Anna Faris and Mexico's biggest star Eugenio Derbez step into Goldie and Kurt's shoes – but they can't keep this reboot afloat

'Overboard' pairs Anna Faris with Mexican movie star Eugenio Derbez for role-reversal rom-com remake – but it still sinks like a stone. Our review. Credit: Metro-Goldwyn-Mayer Pictures

What we have here is a Latin-infused remake of the 1987 romcom that starred Goldie Hawn as a bitchy heiress who take a spill off her yacht, suffers amnesia and falls for a poor carpenter (Kurt Russell) and his three kids. Who better than Anna Faris to take on the Hawn role for an update, right? Except, you see, she doesn't. This time, The House Bunny star is the one playing the carpenter – or in this case, a nurse in training. 

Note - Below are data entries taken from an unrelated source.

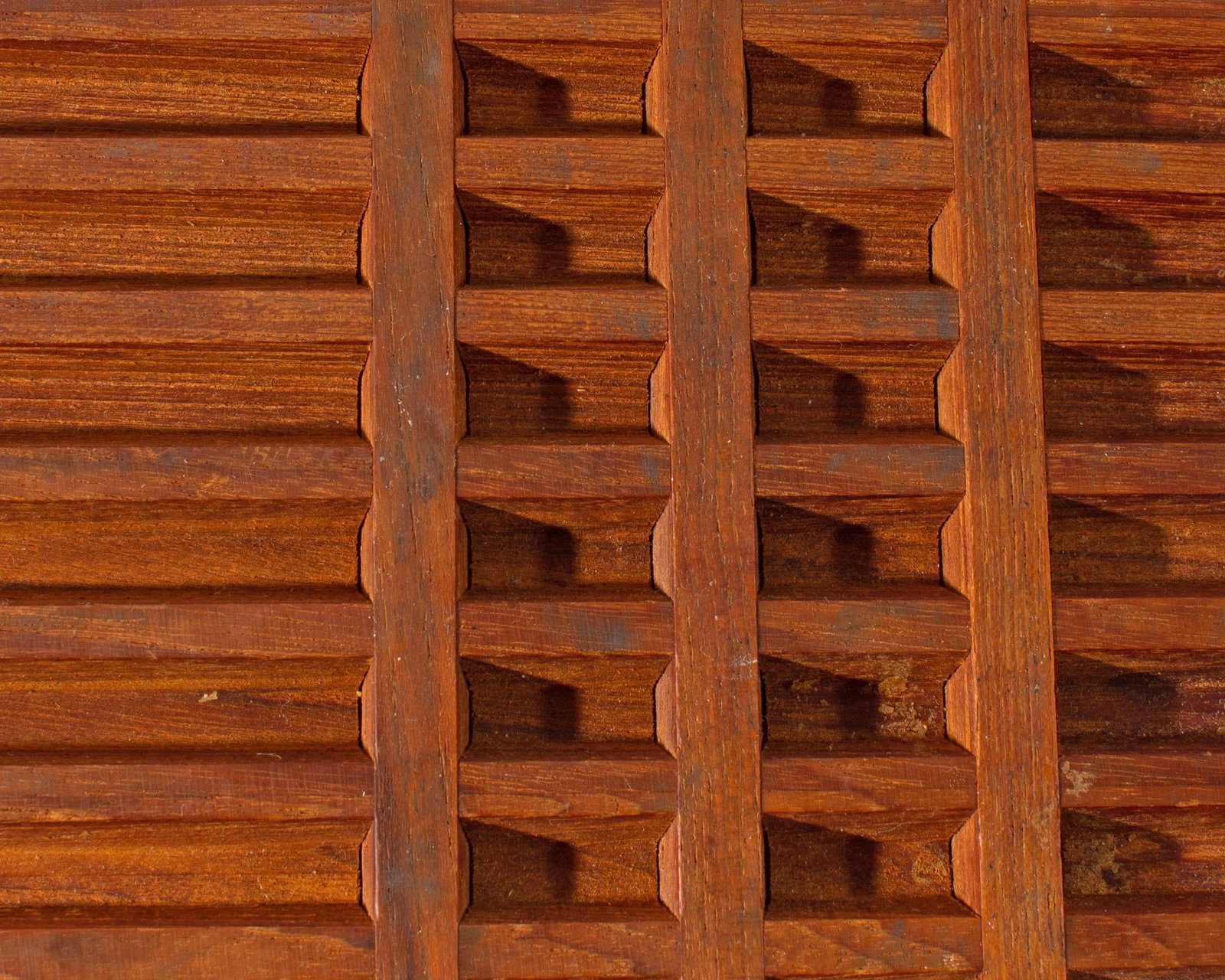 Jens Quistgaard Dansk Teak Lattice Trivet - 7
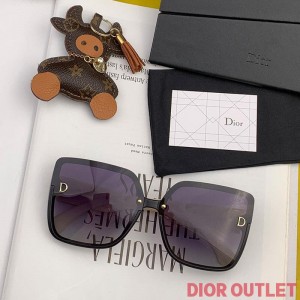 Dior CD8395 Square Sunglasses In Purple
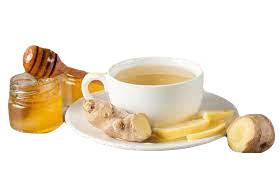 Trà gừng mật ong nóng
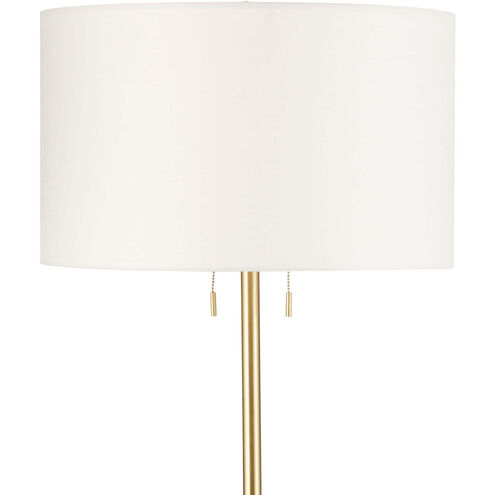 Bruno 60.5 inch 100.00 watt White Floor Lamp Portable Light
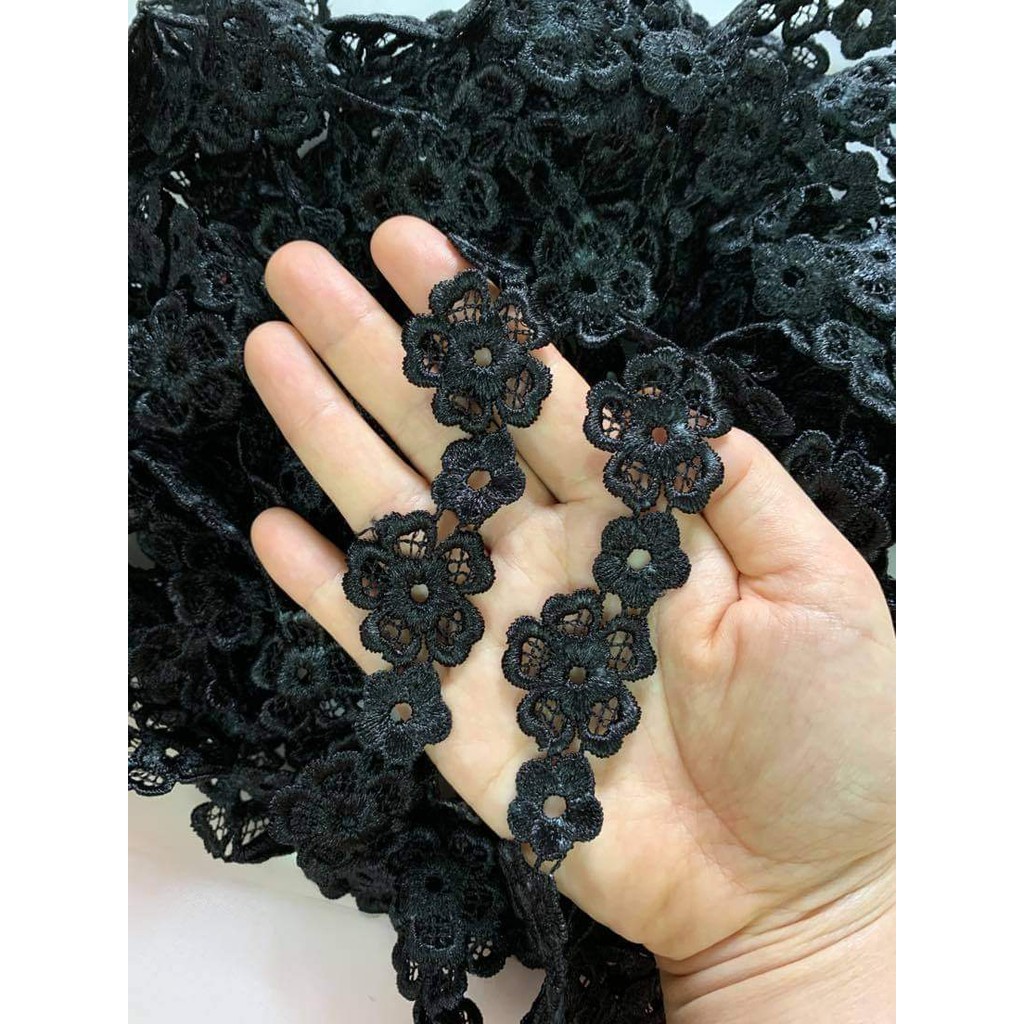Ren chỉ viền cao cấp trang trí váy áo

And the snotty rich bastard? That role goes to Eugenio Derbez, Mexico's biggest star, who's allowed to speak a big chunk of his dialogue in Spanish, complete with subtitles. It's the one original idea that this retrofitted Overboard has to offer. The rest of the movie wears out its welcome muy rapido. 

First of all, Faris and Derbez have zilch romantic chemistry. Hawn and Russell fell in love filming the first Overboard, and they’ve been together ever since. Plus, their onscreen sparring radiated a sweet, sexy spark that has made the romantic comedy a DVD/streaming perennial over three decades. How can Faris and Derbez compete with that? They can't. And in this remake, they're barely trying at all. 

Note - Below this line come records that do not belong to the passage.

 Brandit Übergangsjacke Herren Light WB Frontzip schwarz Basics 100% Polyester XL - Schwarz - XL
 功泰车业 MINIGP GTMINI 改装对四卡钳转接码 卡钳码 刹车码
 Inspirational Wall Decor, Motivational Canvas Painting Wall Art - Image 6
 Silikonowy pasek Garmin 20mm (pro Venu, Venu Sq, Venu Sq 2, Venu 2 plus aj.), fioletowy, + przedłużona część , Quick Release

Faris, so good with Allison Janney on the TV show Mom, stars well as Kate, a hard-working divorced mom of three girls. She cleans carpets to support her family and pay tuition for her nursing training. While doing a job on the yacht of Leonardo Montenegro (Derbez) – whose daddy is the third richest man in the world – she reacts badly to the elitist bullying of a playboy she rightly calls a "condescending prick." When said prick falls off his boat and then can't remember who he is, Kate plots her revenge. She'll trick "Leo" into thinking he's her husband. Then she'll get him a back-breaking job in construction, where he's mocked for his "lady hands," force him to babysit for her kids while she studies and ultimately tell Mr. Sex-Crazed that he's sleeping in the garage (no sex for you, sir) until he gets clean and sober.

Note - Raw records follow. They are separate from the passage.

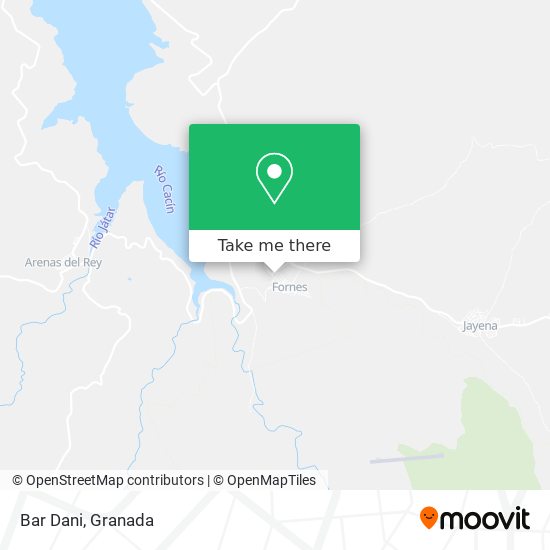 Bar Dani map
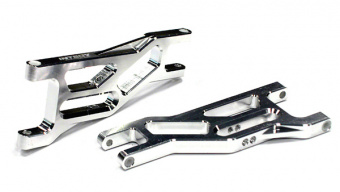 Рычаги нижние передние (серебро) для Traxxas 1/10 Slash 2WD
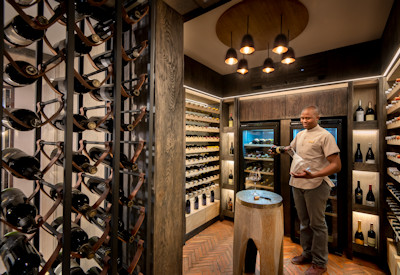 Tswalu wine cellar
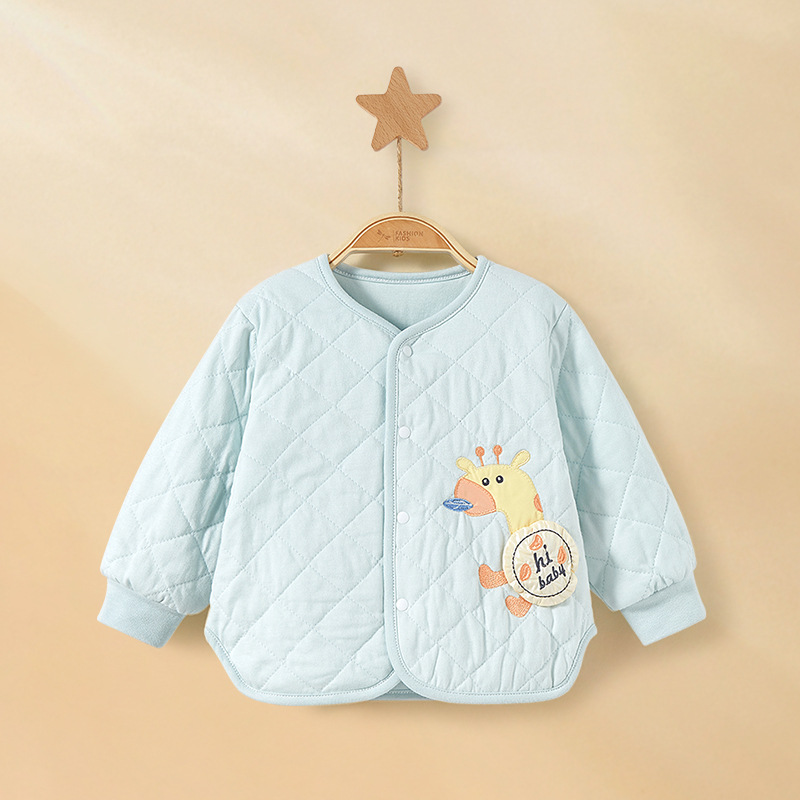 Capa de algodón para bebés otoño y invierno chaqueta de algodón para niños ropa de invierno gruesa niñas chaqueta de algodón caliente para bebés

And so the laughs come tumbling down ... or so you'd hope. Even by the standards of disbelief-suspending comedy, the remake's plot is damn near impossible to swallow, especially when there's such an abundant lack of chemistry. Or, worse, when Leo turns good guy and starts to enjoy being a poor workslave and also, like, everybody loves him! WTF! Director Rob Greenberg, working from a script that he and Bob Fisher adapted from Leslie Dixon's original story, lacks the sense of pacing and edgy mischief that the late director Garry Marshall demonstrated the first time around. And Derbez, who scored a modest hit last year with the critically-reviled How To Be a Latin Lover, lacks the ability to go for the jugular that his role needs. He's too busy being charming to be a smartass. Faris could have handled the wisecracks fine, but the script gives her male costar all the good lines, leaving the movie's real MVP on the sidelines. Big mistake. 

We know, we know: criticizing Overboard 2.0 is like firing on a marshmallow with an machine gun. But we doubt audiences with be getting together three decades from now to remember how much we adored this lukewarm rehash. Goldie and Kurt forever. No substitutes accepted.